**Data:**

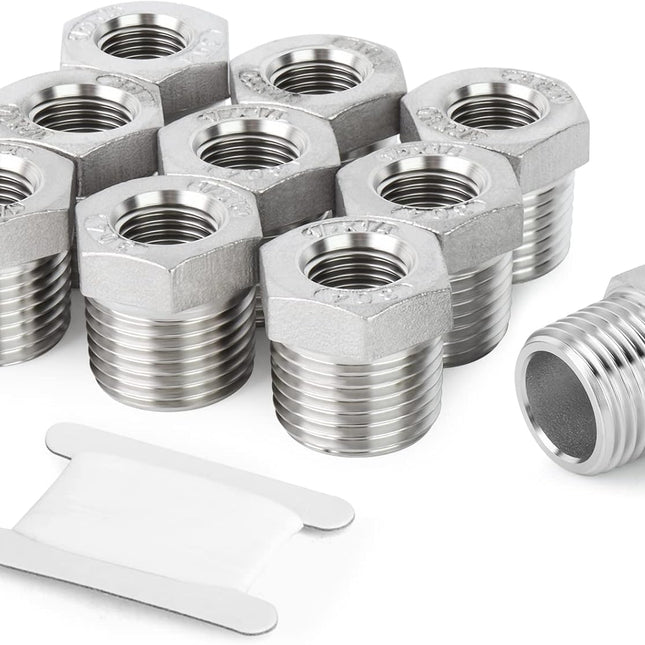 10PCS 304 Stainless Steel Reducer Hex Bushing, 3/8" NPT Male x 1/4" NPT Female, Reducing Pipe Adapter Fitting.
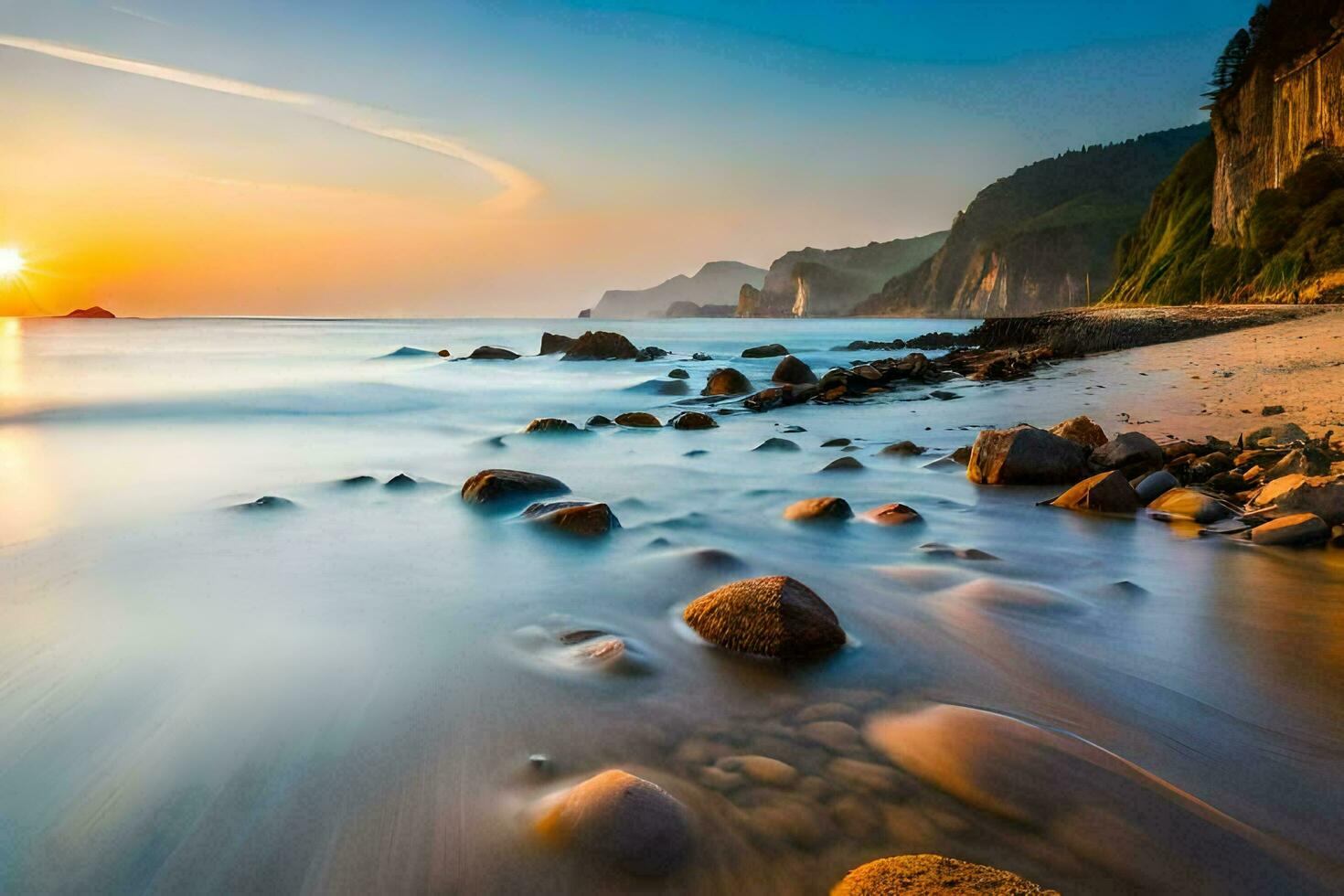 a beautiful sunset over the ocean with rocks and water. AI-Generated photo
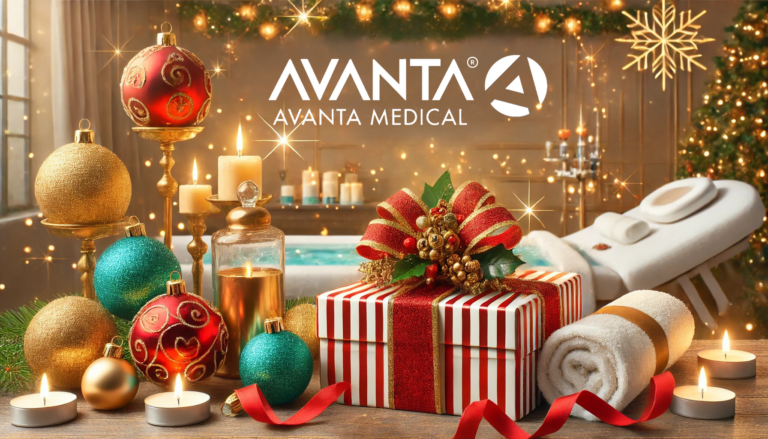 Holiday-themed display by AVANTA Medical featuring festive ornaments, candles, gift boxes, and a med spa treatment bed in a luxurious setting.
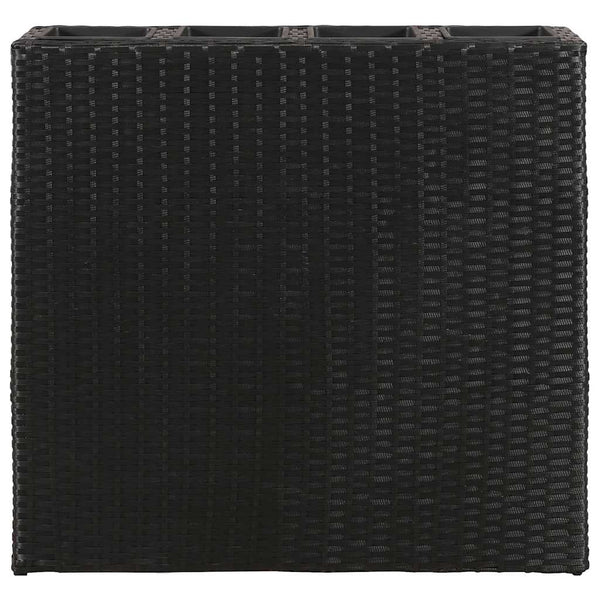 Garten-Hochbeet mit 4 Töpfen 2 Stk. Poly Rattan Schwarz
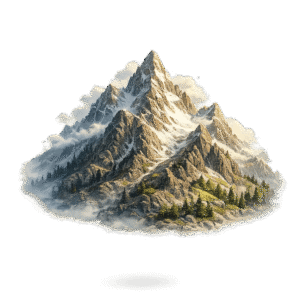 Mountain Range in Golden Light PNG
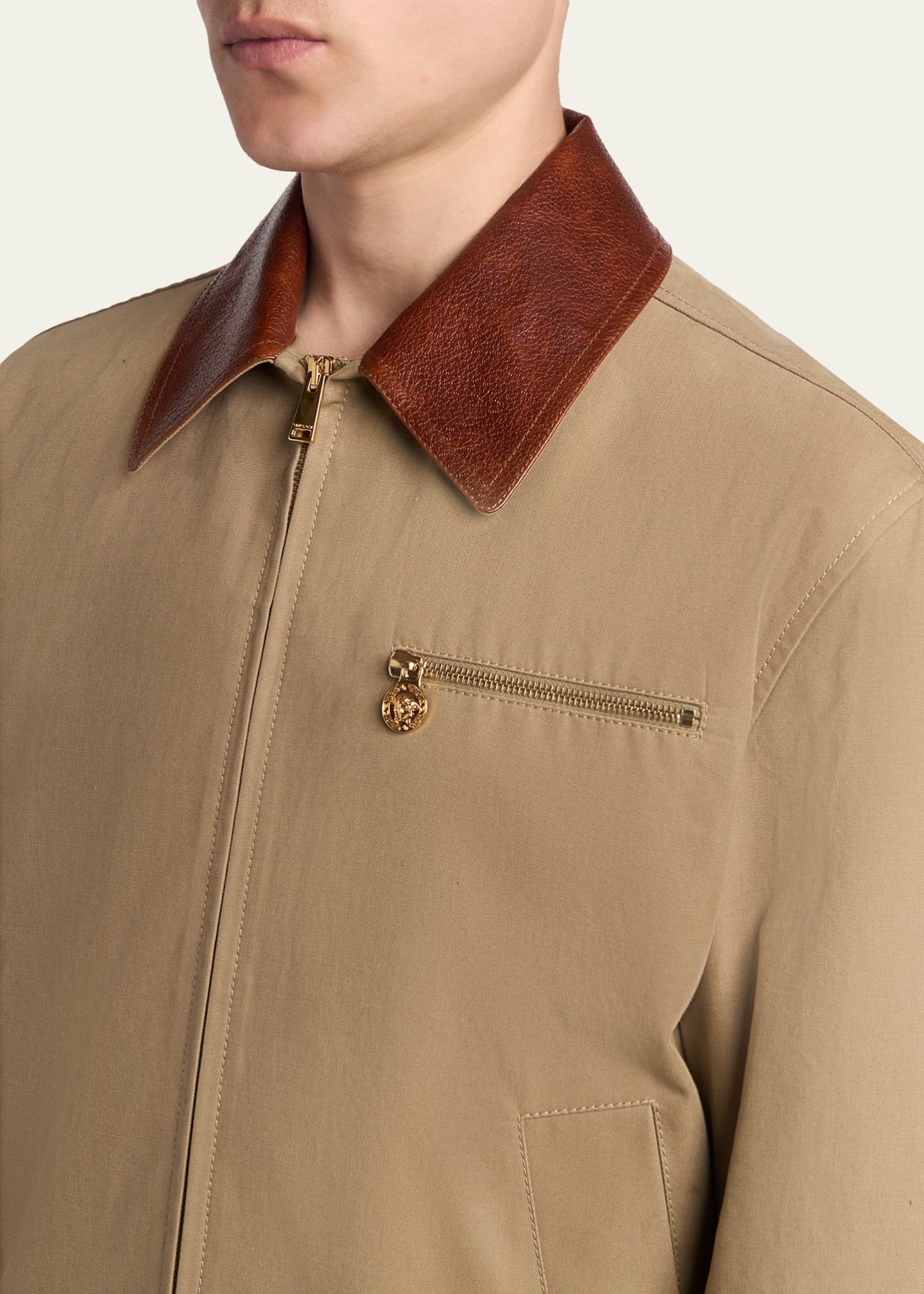 Versace Men's Leather Collar Blouson Jacket - Bergdorf Goodman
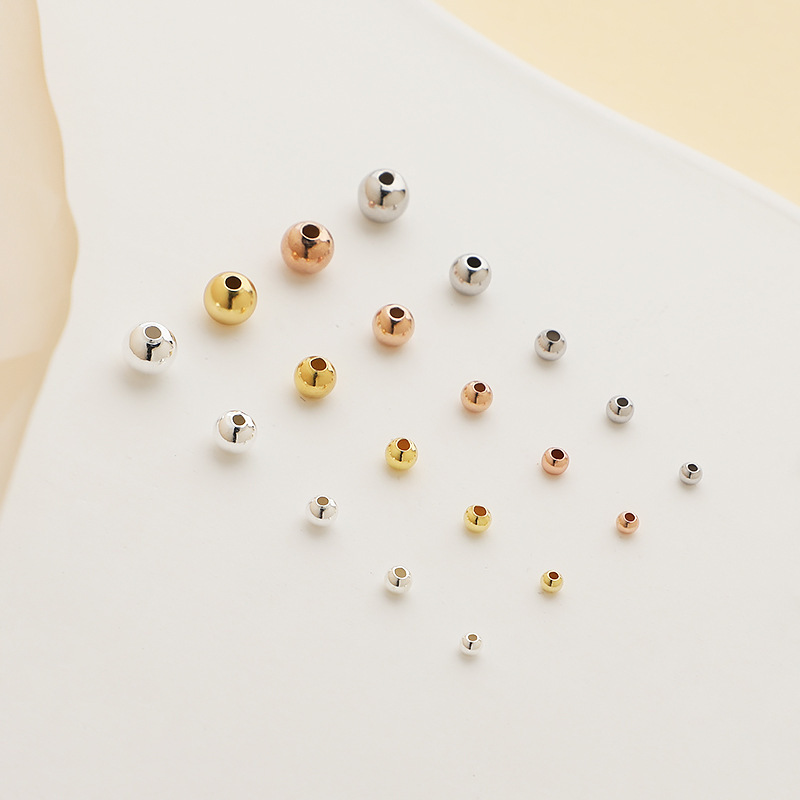 925 Sterling Silver Round Beads for Jewelry Making 1g Multiple Size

**Brief:**
Print every entry verbatim and leave all pictures out.

**Answer to the problem:**
 10PCS 304 Stainless Steel Reducer Hex Bushing, 3/8" NPT Male x 1/4" NPT Female, Reducing Pipe Adapter Fitting.
 a beautiful sunset over the ocean with rocks and water. AI-Generated photo
 Holiday-themed display by AVANTA Medical featuring festive ornaments, candles, gift boxes, and a med spa treatment bed in a luxurious setting.
 Garten-Hochbeet mit 4 Töpfen 2 Stk. Poly Rattan Schwarz
 Mountain Range in Golden Light PNG
 Versace Men's Leather Collar Blouson Jacket - Bergdorf Goodman
 925 Sterling Silver Round Beads for Jewelry Making 1g Multiple Size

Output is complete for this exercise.